Seven Days in Solitary [09/03/2017]

Our Weekly Roundup of News and Views on Solitary Confinement

by | September 3, 2017

• “An 18-year-old Bronx resident claims in a new lawsuit that workers at a juvenile detention center have been using their teen jailbirds as “sex slaves,’” reported the New York Post. The young man, Franklin Maldonado, said female supervisor Natalie Medford would take him out of segregation and bring him to her office to engage in sexual acts.

• ICE has requested permission to destroy records that document instances of sexual assault, solitary confinement and deaths of people in custody, according to the ACLU. “ICE proposed various timelines for the destruction of these records ranging from 20 years for sexual assault and death records to three years for reports about solitary confinement.”

• A scientific study has shown that people locked up in solitary confinement who watched videos with nature scenes, “felt less stressed and weren’t as violent as those who didn’t,” reported the outlet Nature. The findings were published in the academic journal Frontiers in Ecology and the Environment. “Critics of the study argue that it could be used to justify the continued use of solitary confinement — a practice that some consider too harsh,” noted the Nature article.
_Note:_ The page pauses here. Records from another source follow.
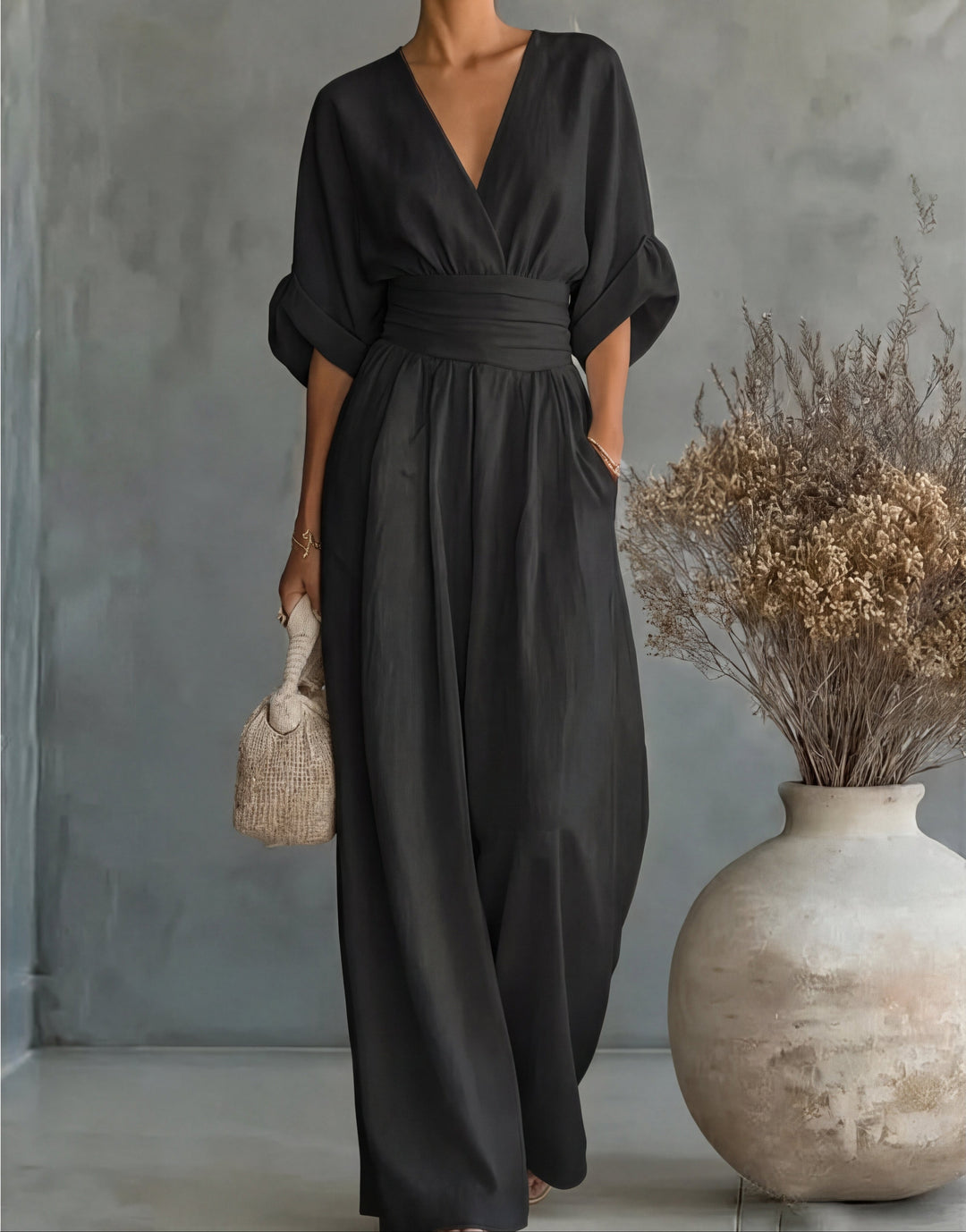 Daniela V-Neck Wide Leg Jumpsuit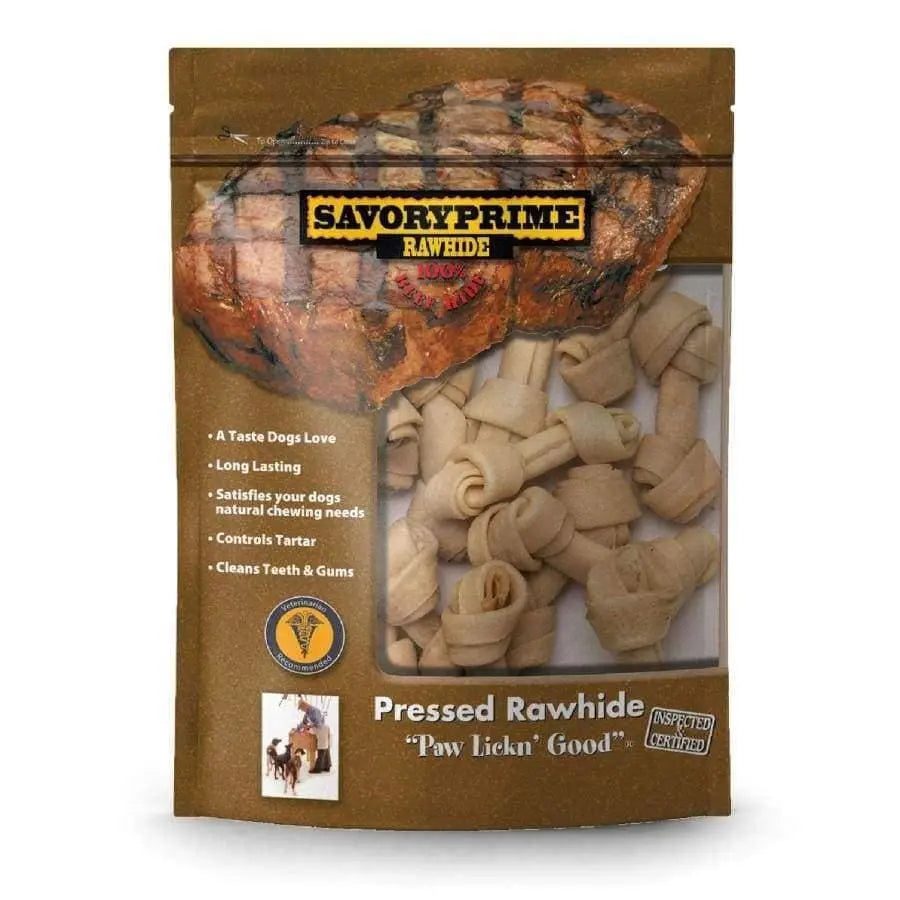 Savory Prime Mini Knotted Pressed Rawhide Dog Chew Bones, Pack of 20
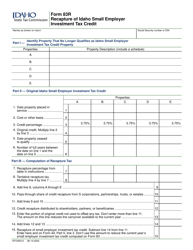 Form 83R (EFO00012) Recapture of Idaho Small Employer Investment Tax Credit - Idaho
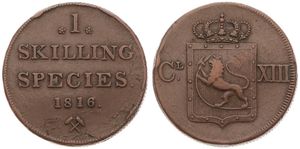 Norway, Kingdom, Carl XIII, 1 Skilling Species Copper 1816, Crowned shield and monogram, KM 284, VF 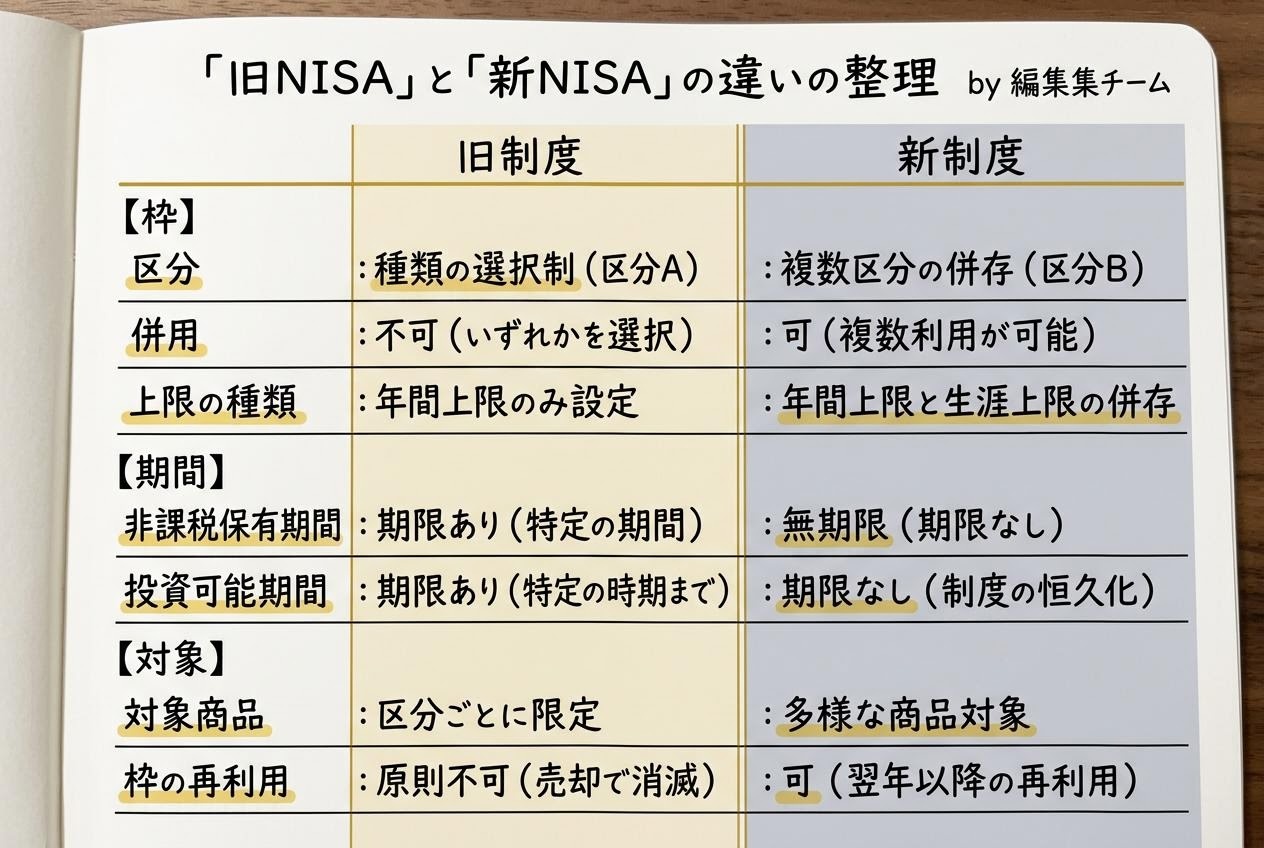 旧NISAと新NISAを並べた編集部の比較図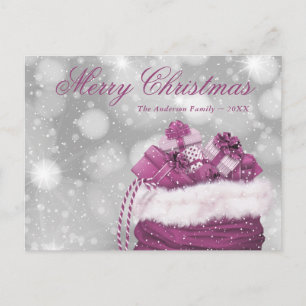 Moderne rosa fröhliche Weihnachtsschnee präsentier Feiertagspostkarte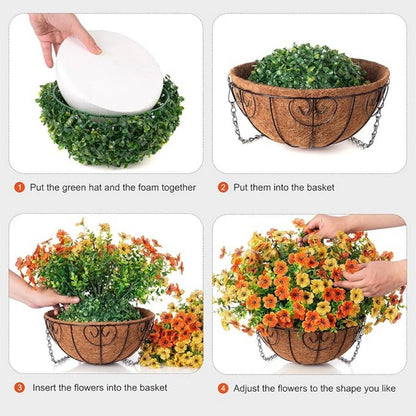 Premium Artificial Hanging Flower Basket UV-Resistant Silk Daisy Eucalyptus Outdoor Porch Patio Balcony Yard All-Weather 3D Pistil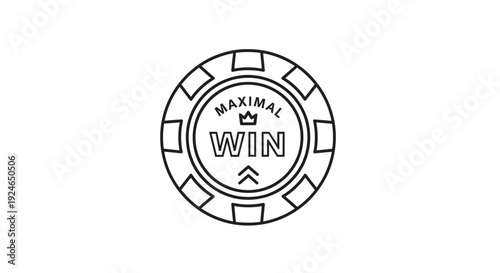 Maximal Win Casino Chip Icon, Gambling Success Concept, Vector Illustration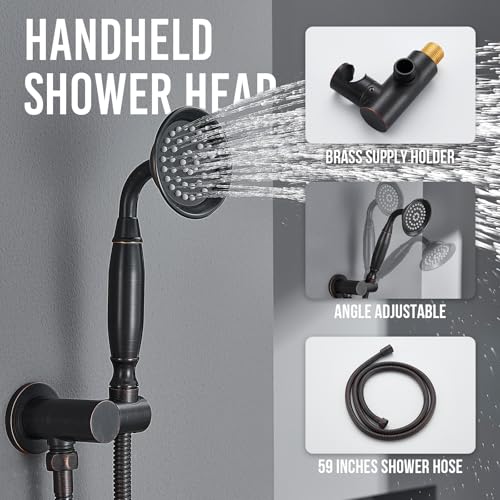 DASAN Antique Shower Faucet Set Complete Rain Shower System in Wall with Body Shower Spray Jets, Oil Rubbed Bronze Shower Fixtures with Rainfall Overhead Shower, Handheld, Valve & Trim Kit, AT249W-ORB - color: Oil Rubbed Bronze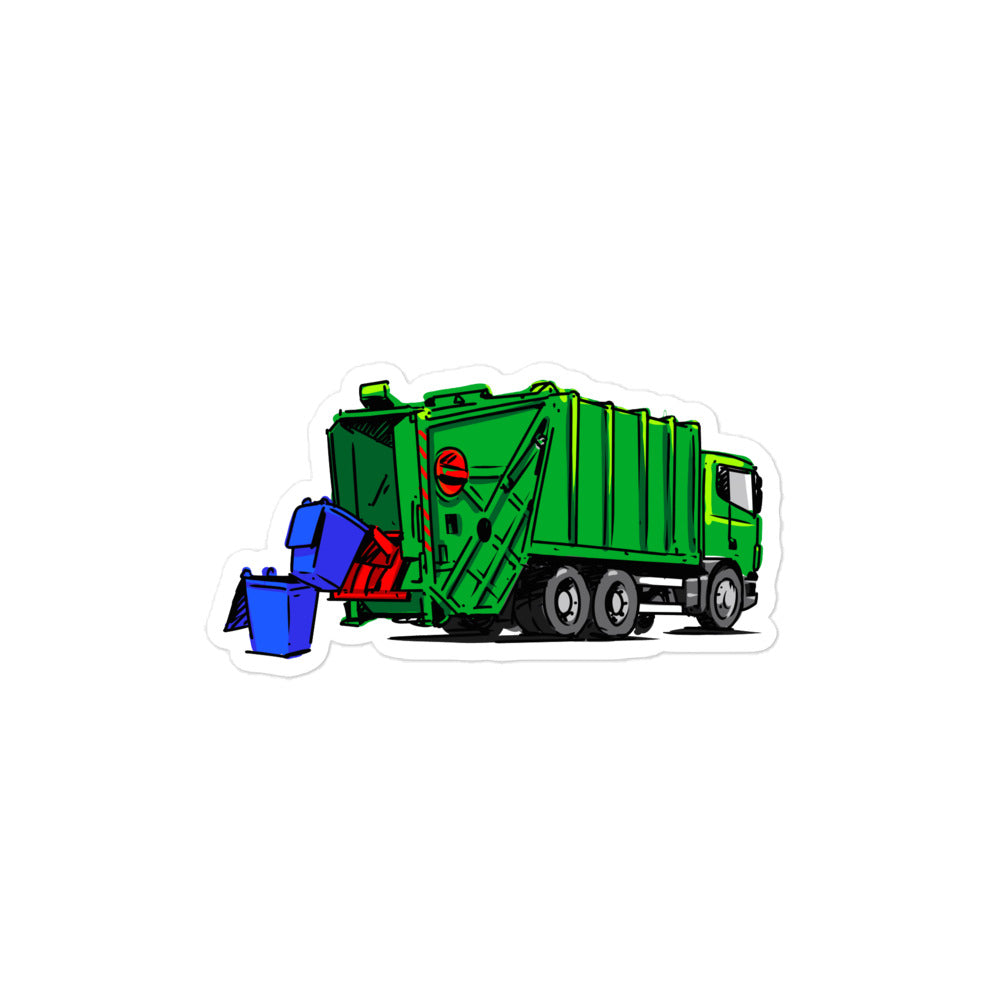 Recycling garbage truck vinyl sticker 4x4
• Several news stories came out of Wisconsin. A 16-year-old was held in solitary for more than seven days in violation of a judge’s order prohibiting the practice for that length of time; data was released documenting that guards at the state’s youth prison had pepper sprayed teens 103 times in the first half of this year; and the head of that the state’s youth prison, Wendy Peterson, announced that she would be stepping down from the job. Meanwhile, a state lawmaker called for the state to study alternatives to solitary confinement.

• Some prison officials in Arkansas believe that the state needs more solitary cells, reported a local outlet, although there are no imminent plans to build them. “We need more ways to lock up troublemakers,” said William “Dubs” Byers, a member of the Arkansas Board of Corrections.

• Alleged “jihad recruiter” Ali Charaf Damache pleaded not guilty to terrorism charges at a federal court in Pennsylvania, after what had been a prolonged battle to extradite him to the US. As Courthouse News reported, in 2015 “Justice Aileen Donnelly with the [Irish] High Court in Dublin sank the effort with a 333-page ruling that cited a likelihood that Damache would face solitary confinement and other cruel conditions in U.S. custody. ‘The lack of meaningful judicial review creates a risk of arbitrariness in the detention of the person in solitary confinement and therefore confirms that the prolonged detention in solitary confinement amounts to a breach of constitutional rights,’” she wrote at the time. Damache was later arrested in Spain and extradited to the US from there.